Rose left a 20-year relationship with TaylorMade to sign a 10-club deal with Honma, a relatively boutique Japanese manufacturer, at the start of 2019. He won in his second week using the clubs, but the risk ended up being more detrimental than beneficial. By March 2020, Rose showed up to the Arnold Palmer Invitational without any Honma clubs. The relationship officially ended two months later, and Rose became a free agent with TaylorMade, Cobra and Titleist clubs.
From there, his club choices were all over the map. In the past two years, Rose’s drivers have included a TaylorMade SIM2, Titleist TSi3, Ping G425 Max and TaylorMade M1. Now he is using a Titleist TSi4. Rose’s fairway woods also have changed. He has used TaylorMade M4s and a Cobra King Speedzone Tours, but he has since changed to two TaylorMade Stealths, a Cobra Rad Speed and the occasional Callaway Apex UW hybrid depending on the course setup.
The irons have resulted in even more turnover. Since leaving Honma, Rose has used TaylorMade P7MBs, P730s and Tour Preferred MBs, Mizuno MP-20s and Pro 221s, Titleist 620 MBs and a Srixon ZX 4-iron. Now he is going custom by playing a set of Miura irons with a “JR” logo stamped on them. Custom clubs have become popular, as Adam Scott (Miura), Maverick McNealy (Callaway) and Justin Thomas (Titleist) are among those to put customs in play this year.
Rose had been playing the Titleist 620 MBs recently but found that he was having an issue with navigating flier lies during tournaments.
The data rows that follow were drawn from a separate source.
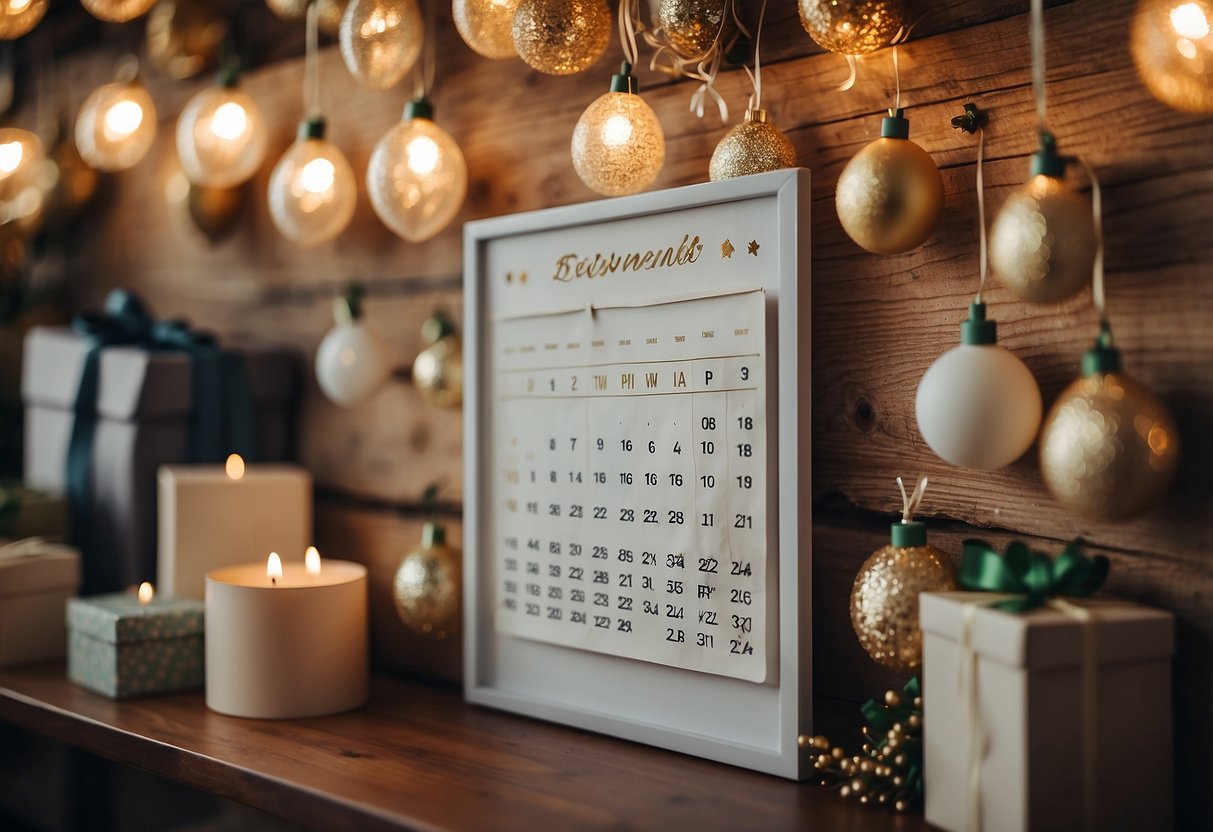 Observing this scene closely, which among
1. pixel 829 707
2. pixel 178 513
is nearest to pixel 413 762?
pixel 829 707

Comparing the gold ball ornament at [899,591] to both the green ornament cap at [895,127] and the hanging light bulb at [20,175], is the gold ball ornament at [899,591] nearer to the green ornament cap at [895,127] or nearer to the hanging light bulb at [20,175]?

“It’s funny. You test clubs, but before you play them in competition, you don’t really know,” Rose explained to Golf WRX. “In competition, you get all sorts of different lies and situations, and pressure, and adrenaline, and things like that. I loved the look of those Titleist irons, I just felt like the groove was not close to my TaylorMade groove, which I never catch a flier with.
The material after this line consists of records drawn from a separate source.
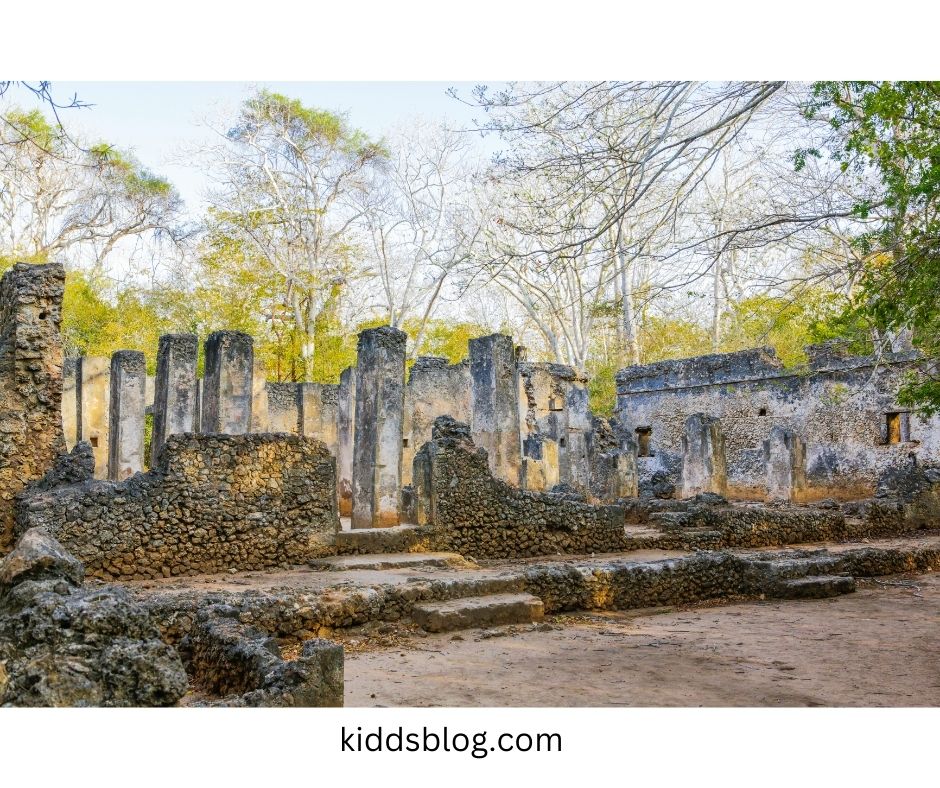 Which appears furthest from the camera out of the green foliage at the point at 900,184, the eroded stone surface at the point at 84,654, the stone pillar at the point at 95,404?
the stone pillar at the point at 95,404

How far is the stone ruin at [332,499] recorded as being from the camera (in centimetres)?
474

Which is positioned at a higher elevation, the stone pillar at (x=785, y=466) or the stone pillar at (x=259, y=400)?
the stone pillar at (x=259, y=400)

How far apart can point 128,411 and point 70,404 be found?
3982 mm

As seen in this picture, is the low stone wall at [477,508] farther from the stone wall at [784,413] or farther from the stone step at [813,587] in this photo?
the stone wall at [784,413]

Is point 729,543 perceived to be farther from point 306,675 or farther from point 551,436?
point 306,675

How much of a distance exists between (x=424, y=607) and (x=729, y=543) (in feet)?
24.1

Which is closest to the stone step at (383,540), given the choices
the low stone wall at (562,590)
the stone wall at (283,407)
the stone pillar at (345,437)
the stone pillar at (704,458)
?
the low stone wall at (562,590)

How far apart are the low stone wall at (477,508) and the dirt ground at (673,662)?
2.73 meters

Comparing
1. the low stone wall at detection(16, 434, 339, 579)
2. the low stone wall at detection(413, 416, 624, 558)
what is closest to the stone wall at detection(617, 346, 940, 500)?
the low stone wall at detection(413, 416, 624, 558)

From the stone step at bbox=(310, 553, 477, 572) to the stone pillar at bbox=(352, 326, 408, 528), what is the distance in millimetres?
1143

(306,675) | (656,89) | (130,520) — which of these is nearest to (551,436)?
(130,520)

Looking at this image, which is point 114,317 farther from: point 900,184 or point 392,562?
point 900,184

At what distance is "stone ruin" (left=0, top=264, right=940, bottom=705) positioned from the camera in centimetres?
474

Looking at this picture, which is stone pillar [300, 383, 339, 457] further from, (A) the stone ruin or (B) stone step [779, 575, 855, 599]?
(B) stone step [779, 575, 855, 599]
“I felt like there was maybe a best of both worlds. So I tasked … the guys at Miura there to make me something. I saw they did something cool for Adam Scott. They came, and I thought they had a touch more offset than I had anticipated. Testing that was really interesting. I felt like I hit them straighter because of that.”
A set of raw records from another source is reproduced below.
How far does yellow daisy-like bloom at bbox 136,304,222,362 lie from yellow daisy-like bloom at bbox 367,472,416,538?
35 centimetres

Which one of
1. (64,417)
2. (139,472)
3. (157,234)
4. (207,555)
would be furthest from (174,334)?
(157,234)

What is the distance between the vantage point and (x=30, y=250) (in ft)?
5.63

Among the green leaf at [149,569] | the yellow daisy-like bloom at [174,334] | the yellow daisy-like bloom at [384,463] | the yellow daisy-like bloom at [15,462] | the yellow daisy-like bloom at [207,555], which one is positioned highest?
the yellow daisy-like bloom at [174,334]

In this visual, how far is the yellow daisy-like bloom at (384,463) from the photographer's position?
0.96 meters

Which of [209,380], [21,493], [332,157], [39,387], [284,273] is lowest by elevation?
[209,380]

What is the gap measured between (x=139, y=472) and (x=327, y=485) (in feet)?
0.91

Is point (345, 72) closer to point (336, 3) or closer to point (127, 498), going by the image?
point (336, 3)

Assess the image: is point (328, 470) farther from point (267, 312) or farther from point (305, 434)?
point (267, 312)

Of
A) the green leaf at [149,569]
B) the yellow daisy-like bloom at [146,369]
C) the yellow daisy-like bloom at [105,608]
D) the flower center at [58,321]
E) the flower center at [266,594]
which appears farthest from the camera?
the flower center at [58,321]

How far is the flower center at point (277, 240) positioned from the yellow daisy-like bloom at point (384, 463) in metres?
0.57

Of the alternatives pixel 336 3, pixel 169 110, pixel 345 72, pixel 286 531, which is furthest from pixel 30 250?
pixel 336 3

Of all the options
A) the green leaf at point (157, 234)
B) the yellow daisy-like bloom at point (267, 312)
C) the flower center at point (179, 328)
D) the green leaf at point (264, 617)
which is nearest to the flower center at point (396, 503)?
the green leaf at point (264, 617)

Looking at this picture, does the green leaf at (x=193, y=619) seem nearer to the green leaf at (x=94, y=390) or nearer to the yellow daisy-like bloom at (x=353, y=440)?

There is another change, too. Rose momentarily has abandoned his long-time claw putting grip, instead opting for a more conventional style. His putter is still an Axis1 Rose Proto.
“It still doesn’t feel conventional to me,” Rose said. “Conventional to me is the reverse overlap. I put the left finger down the side of the shaft, so it’s almost a two-thumbs style where my thumbs are very close together. So I don’t regard that as a traditional putting grip. I’m still quite a traditionalist in where the straight-up reverse overlap, thin grip, Scotty Cameron style putter; that for me is traditional … but yeah, a slight modification. You know, a lot of guys are gripping it like that. Danny Willett has the exact same putting grip. Matt Wallace is quite similar. Matt Fitzpatrick has the exact same grip. It must be an English thing.”
Rose tied for ninth at the Houston Open and then finished tied for 29th in last week’s RSM Classic.